:: Data for processing ::
==*==

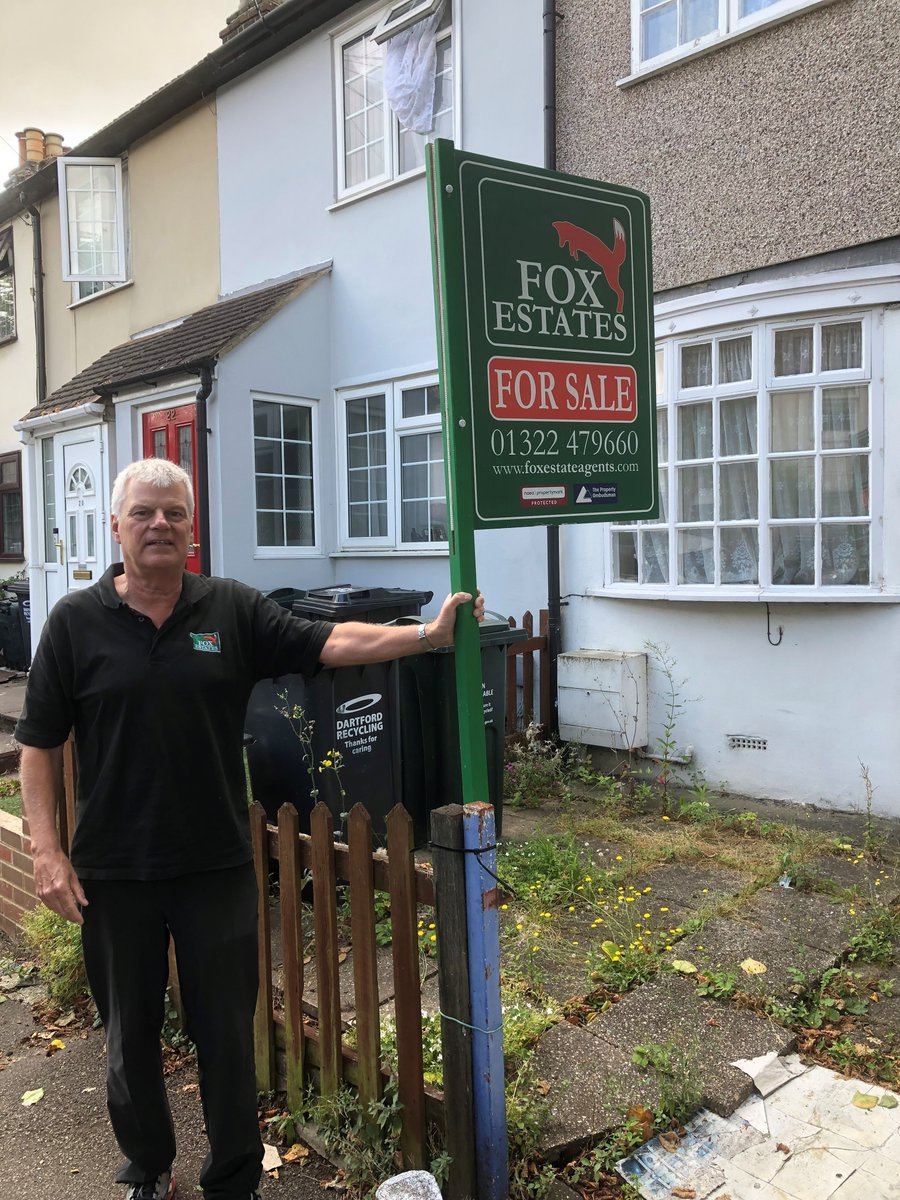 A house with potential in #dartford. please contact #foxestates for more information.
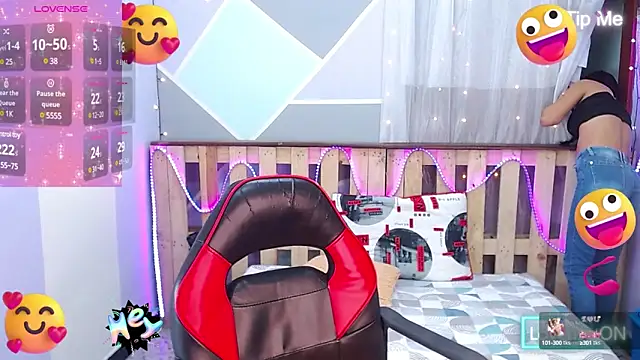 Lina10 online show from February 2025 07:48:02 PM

==*==

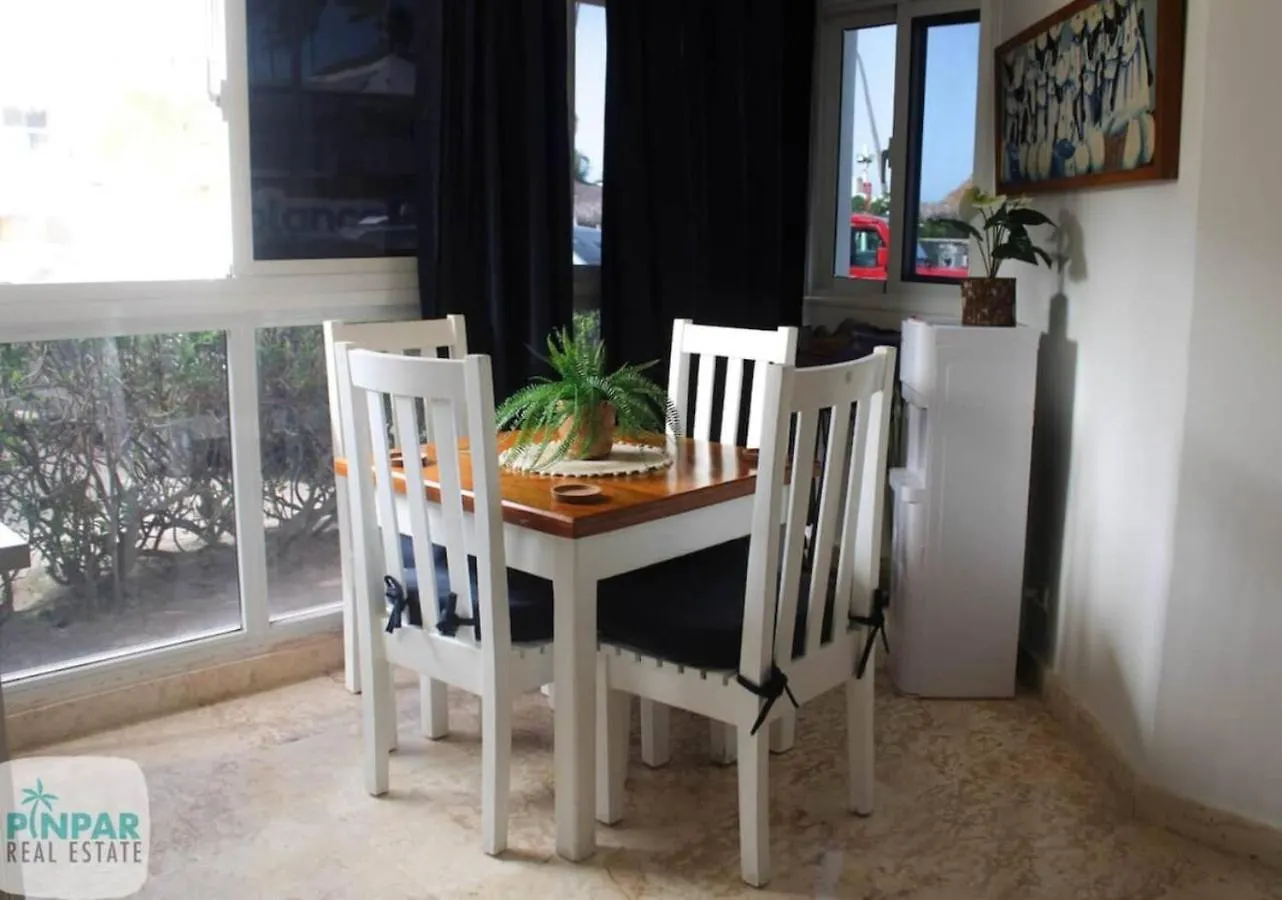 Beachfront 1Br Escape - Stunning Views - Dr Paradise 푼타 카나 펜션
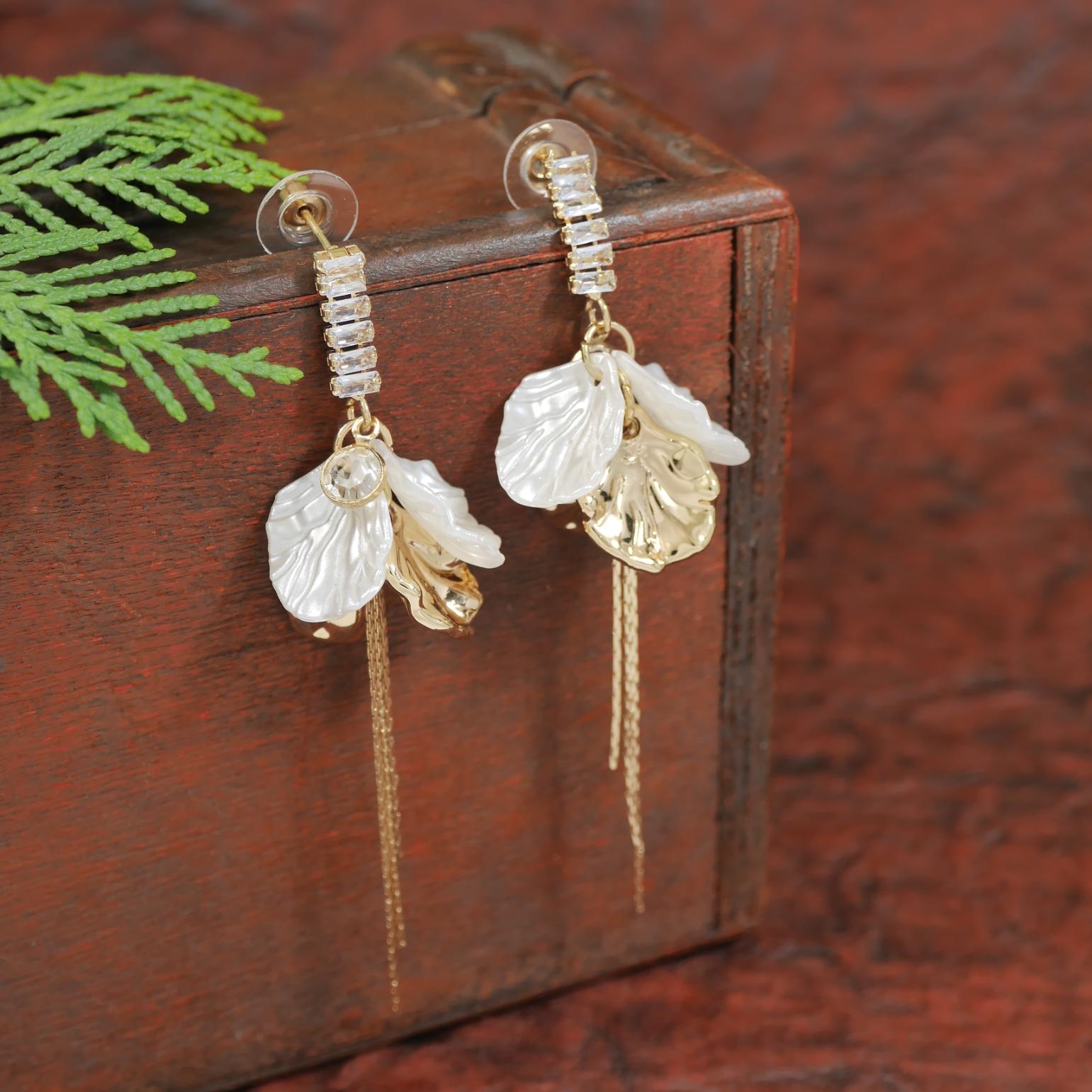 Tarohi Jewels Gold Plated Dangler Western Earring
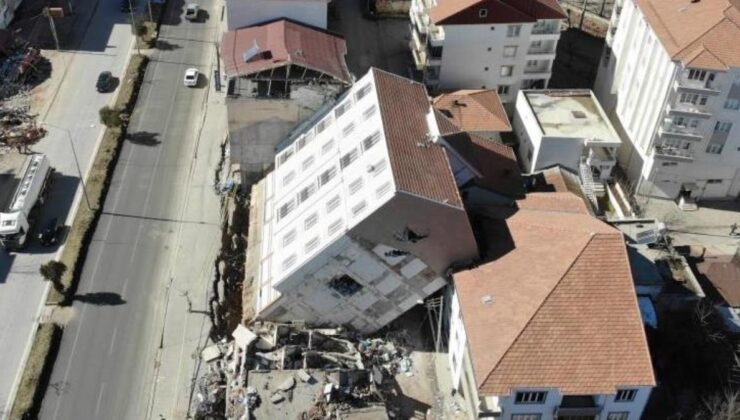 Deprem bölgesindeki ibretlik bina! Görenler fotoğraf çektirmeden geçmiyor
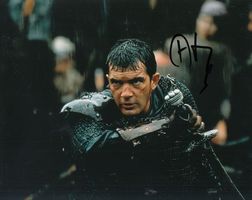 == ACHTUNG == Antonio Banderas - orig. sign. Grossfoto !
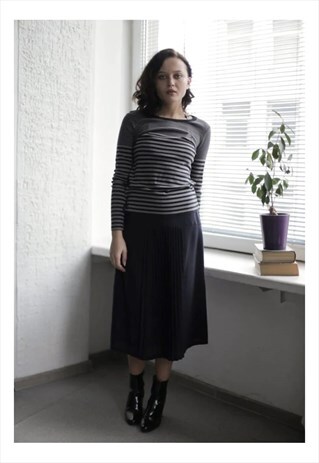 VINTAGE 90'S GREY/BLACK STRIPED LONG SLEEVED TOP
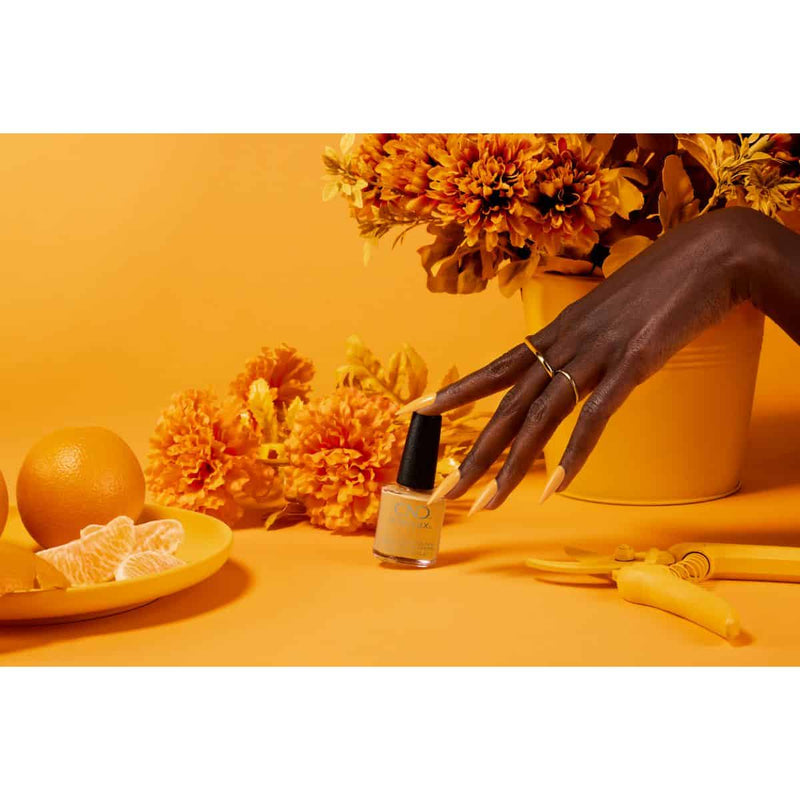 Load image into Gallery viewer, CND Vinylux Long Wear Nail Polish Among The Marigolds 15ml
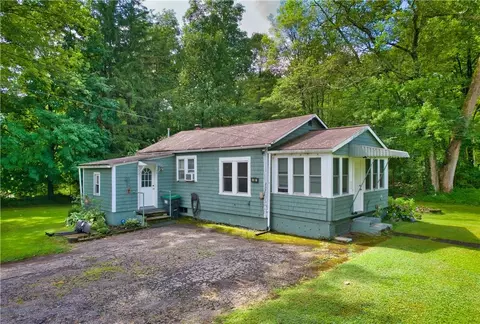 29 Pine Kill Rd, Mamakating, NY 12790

==*==

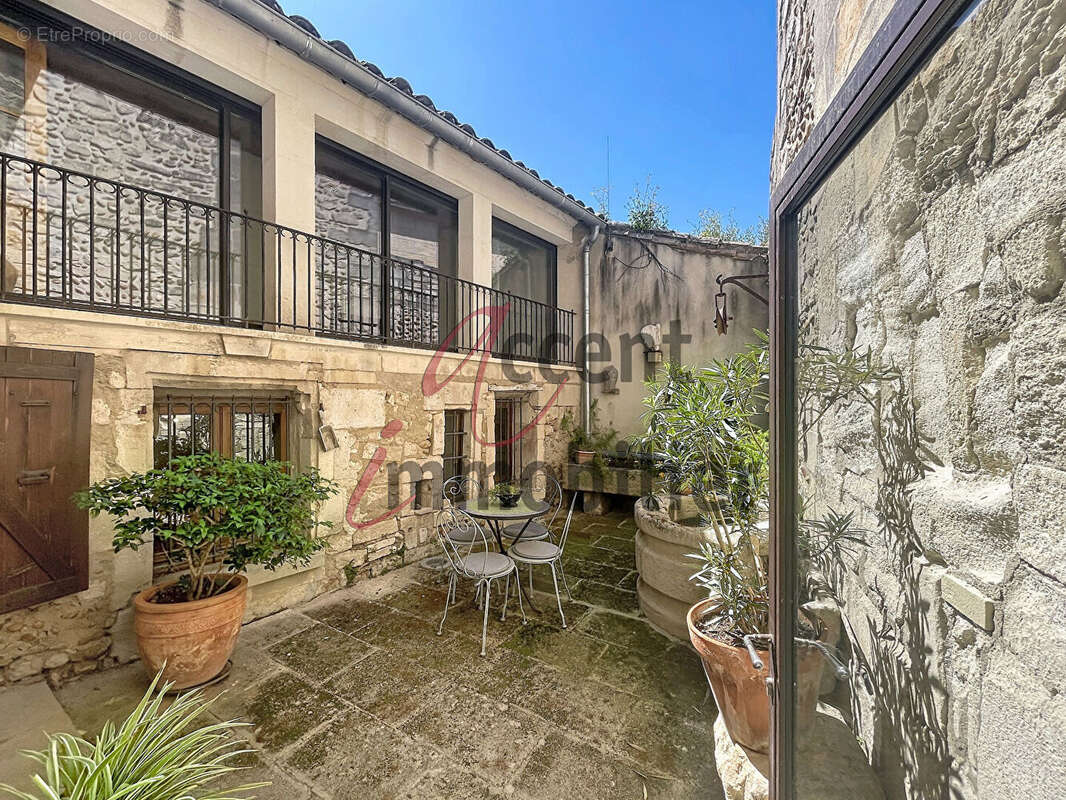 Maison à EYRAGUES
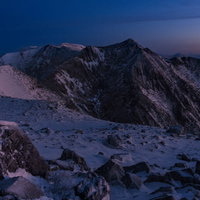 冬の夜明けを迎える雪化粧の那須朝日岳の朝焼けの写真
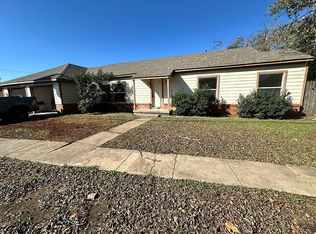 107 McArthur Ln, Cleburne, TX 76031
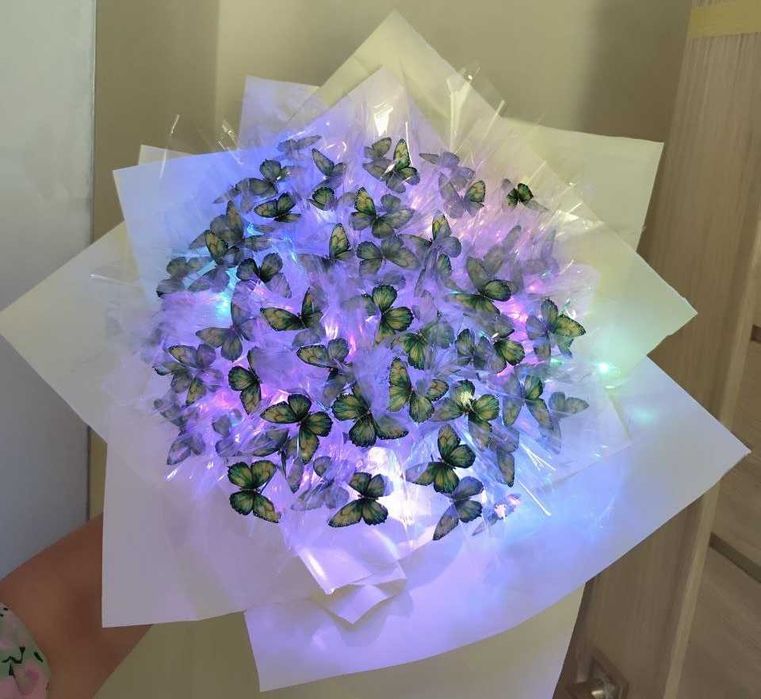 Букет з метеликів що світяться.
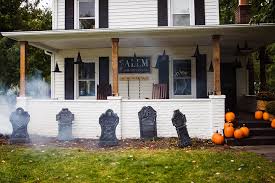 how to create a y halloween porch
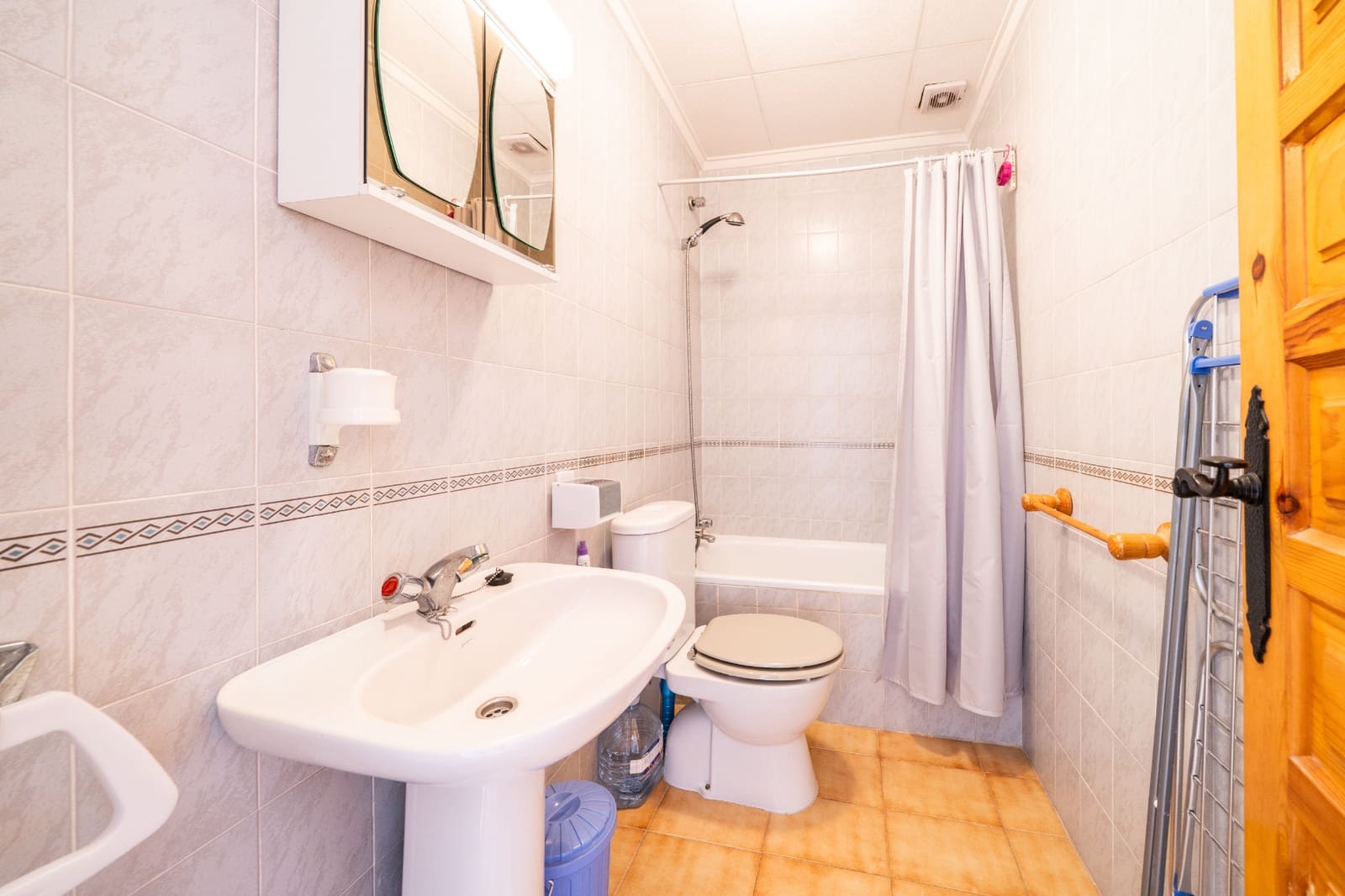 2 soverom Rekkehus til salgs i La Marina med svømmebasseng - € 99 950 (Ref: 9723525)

==*==

:: Problem description ::
In the listing above, find the line with "A house with" and the line with "Lina10 online show". Set down both and every line between them, minus the pictures.

:: Written solution ::
 A house with potential in #dartford. please contact #foxestates for more information.
 Lina10 online show from February 2025 07:48:02 PM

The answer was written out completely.